## Provided data
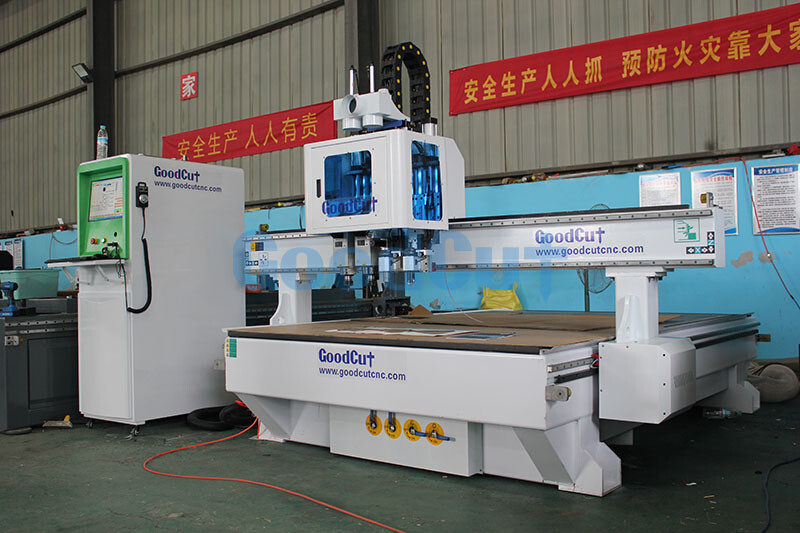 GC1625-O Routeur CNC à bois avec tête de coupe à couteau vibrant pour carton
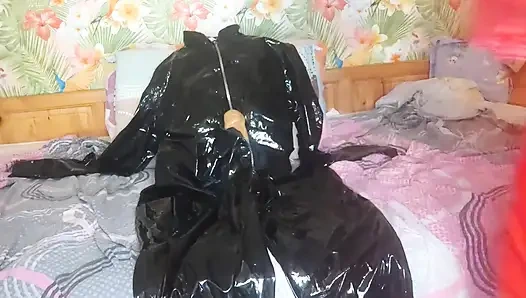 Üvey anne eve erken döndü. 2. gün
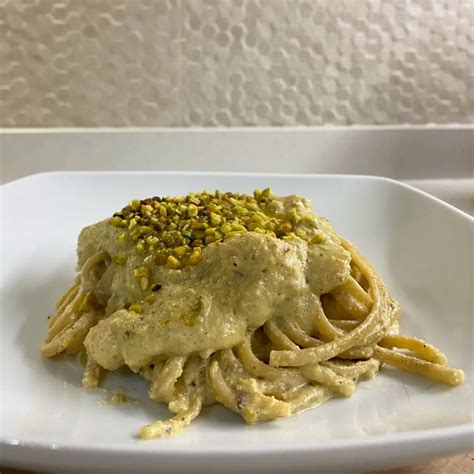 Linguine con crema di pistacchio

## Task details
Your output should be only the lines from the line with "Üvey anne eve erken döndü. 2. gün" through the end of the data, exactly as they stand, and no pictures.

## Answer space
 Üvey anne eve erken döndü. 2. gün
 Linguine con crema di pistacchio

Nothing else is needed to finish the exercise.